BRIEF DESCRIPTION OF THE DRAWINGS
[0018] The accompanying drawings, which are included to provide a
further understanding of the invention and are incorporated in and
constitute a part of this specification, illustrate embodiments of
the invention and together with the description serve to explain
the principles of the invention:
[0019] In the drawings:
[0020] FIG. 1 illustrates a layout of a related art nonvolatile
memory;
[0021] FIG. 2 illustrates a section across line I-I in FIG. 1;
[0022] FIG. 3 illustrates a section across line II-II in FIG.
1;
[0023] FIG. 4 illustrates a section across line III-III in FIG.
1;
[0024] FIGS. 5a.about.5g illustrate sections across line IV-IV in
FIG. 1 for showing the steps of a related art method for
fabricating a nonvolatile memory;
[0025] FIG. 6 illustrates a layout of a nonvolatile memory in
accordance with a first preferred embodiment of the present
invention;
[0026] FIG. 7 illustrates a section across line I-I in FIG. 6;
[0027] FIG. 8 illustrates a section across line II-II in FIG. 6;
FIGS. 9a.about.9d illustrate sections across line I-I in FIG. 6 for
showing the steps of a method for fabricating a nonvolatile
memory;
[0028] FIGS. 10a.about.10c illustrate sections across line II-II in
FIG. 6 for showing the steps of a method for fabricating a
nonvolatile memory;
[0029] FIG. 11 illustrates a layout of a nonvolatile memory in
accordance with a second preferred embodiment of the present
invention;
[0030] FIG. 12 illustrates a section across line III-III in FIG.
11;
[0031] FIG. 13 illustrates a section across line IV-IV in FIG.
11;
[0032] FIG. 14 illustrates a section across line V-V in FIG.
11;
[0033] FIGS. 15a.about.15c illustrate sections across line III-III
in FIG. 11 for showing the steps of a method of fabricating a
nonvolatile memory; and
[0034] FIGS. 16a.about.16b illustrate sections across line V-V in
FIG. 11 for showing the steps of a method for fabricating a
nonvolatile memory.
DETAILED DESCRIPTION OF THE PREFERRED EMBODIMENT
[0035] Reference will now be made in detail to the preferred
embodiments of the present invention, examples of which are
illustrated in the accompanying drawings. FIG. 6 illustrates a
layout of a nonvolatile memory in accordance with a first preferred
embodiment of the present invention, FIG. 7 illustrates a section
across line V-V in FIG. 6, and FIG. 8 illustrates a section across
line II-II in FIG. 6.
[0036] In the first preferred embodiment nonvolatile memory of the
present invention, a selection transistor and a cell transistor are
similarly formed, such that the selection transistor has a stacked
first polysilicon layer and second polysilicon layer like the cell
transistor, with the first polysilicon layer adapted to have a
voltage applied thereto.
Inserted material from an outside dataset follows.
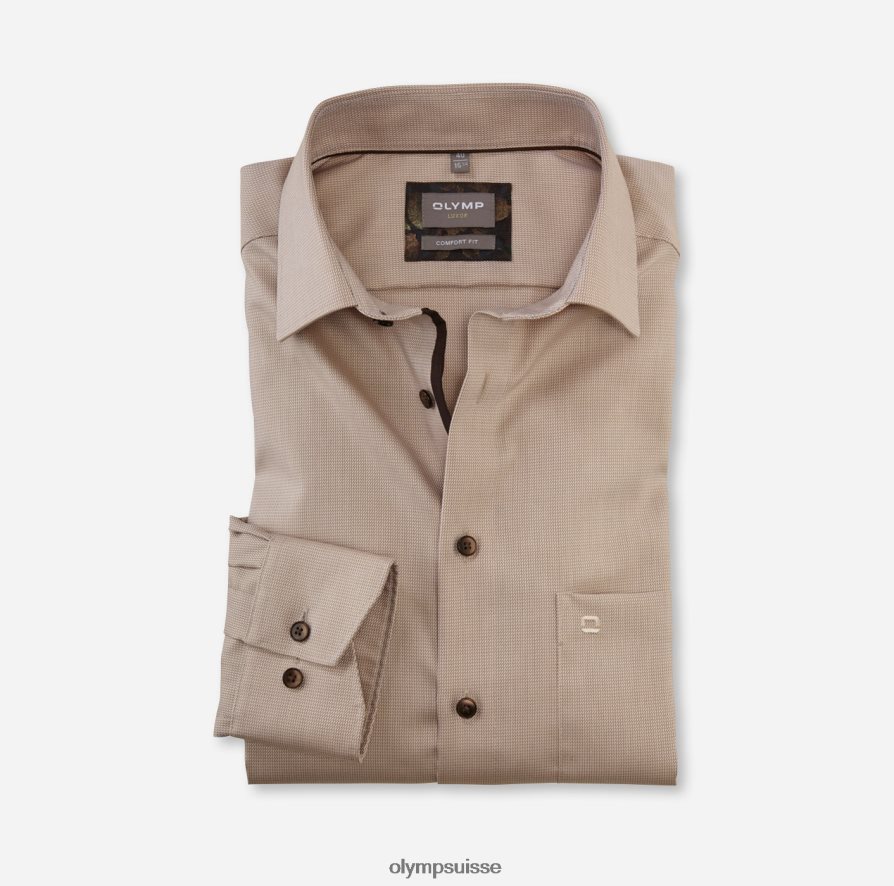 Luxor Comfort Fit, chemise d'affaires, New Kent, naturel OLYMP vêtements VVP4DB1664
In order to prevent an increase in
resistance of the second polysilicon layer formed over a selection
gate line, the second polysilicon layer is spaced therefrom. Wiring
is formed such that the wiring contacts a selection gate line of
the first polysilicon layer under the spaced region of the second
polysilicon layer.
[0037] That is, referring to FIGS. 6.about.8, the nonvolatile
memory of the first preferred embodiment includes a field oxide
film 33 on a field region of an N-type semiconductor substrate 31
having an active region and a field region defined thereon. The
semiconductor substrate 31 has a P-well 32 to a certain depth. The
semiconductor substrate 31 has a selection transistor region and a
cell transistor region defined thereon. The selection transistor
region has a selection gate line 35a extending in one direction,
and there is a first gate oxide film 34a under the selection gate
line 35a. A second polysilicon layer 37 is formed over and spaced
from the selection gate line 35a. An insulating film 36 is formed
beneath the second polysilicon layer 37. The insulating film 36 has
an ONO structure. The cell transistor region has floating gates 35b
on a region thereof patterned into rectangular portions, and a
second gate oxide film 34b under the floating gate 35b. The second
gate oxide film 34b is thicker than the first gate oxide film 34a.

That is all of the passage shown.